Farm66 has already worked with top local banks. Tam adds the company is planning to collaborate with property developers like Sino Group, Chinachem Group and Hong Kong billionaire Lee Shau Kee’s Henderson Land Development to bring its urban farming systems to residential and commercial buildings, such as soil-free farms powered by solar or wind energy on rooftops.
“People will be aware of the environmental, social and governance issues of importing something far away from your location—it will consume more energy and emit more carbon,” says ParticleX’s Tsoi, who is also director and a founding member of the Hong Kong Institute of Social Impact Analysts. “A more sustainable consumption behavior is to consume locally.”
“We are exploring new ideas about farming in outer space,” says Gordon Tam, cofounder and CEO of Farm66. “We took the lead to research on the future of farming, such as growing plants in a zero-gravity environment.”
Tam, who did his undergraduate studies at Washington State University, now plans to expand Farm66 beyond Hong Kong and export its urban farming systems and know-how to other cities.

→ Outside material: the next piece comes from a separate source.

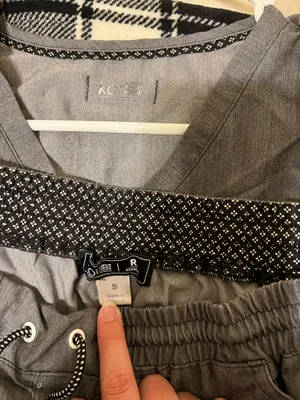 Koi scrubs Gray thumbnail 3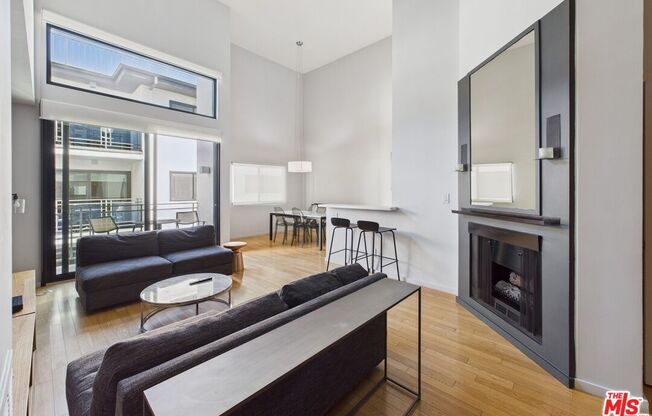 2 beds, 2 baths, 1,124 sqft, $6,100, Unit 205B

For example, Farm66 created a mobile farm from a shipping container for desert cities in the Middle East.
Tsoi points to the Greater Bay Area, a Chinese government plan to integrate Hong Kong and the gambling hub of Macau with nine cities in southern China into one big economic cluster, and Southeast Asia, home to some of the world’s most densely populated cities, as potential markets for Farm66.
And like billionaires Elon Musk and Jeff Bezos, Tam is looking beyond Earth-bound opportunities. “We are exploring new ideas about farming in outer space,” he says. “We took the lead to research on the future of farming, such as growing plants in a zero-gravity environment.”
“We have lots of innovative farming ideas,” adds Tam. “We hope to help the public understand that agriculture, combined with technology, has a promising future.”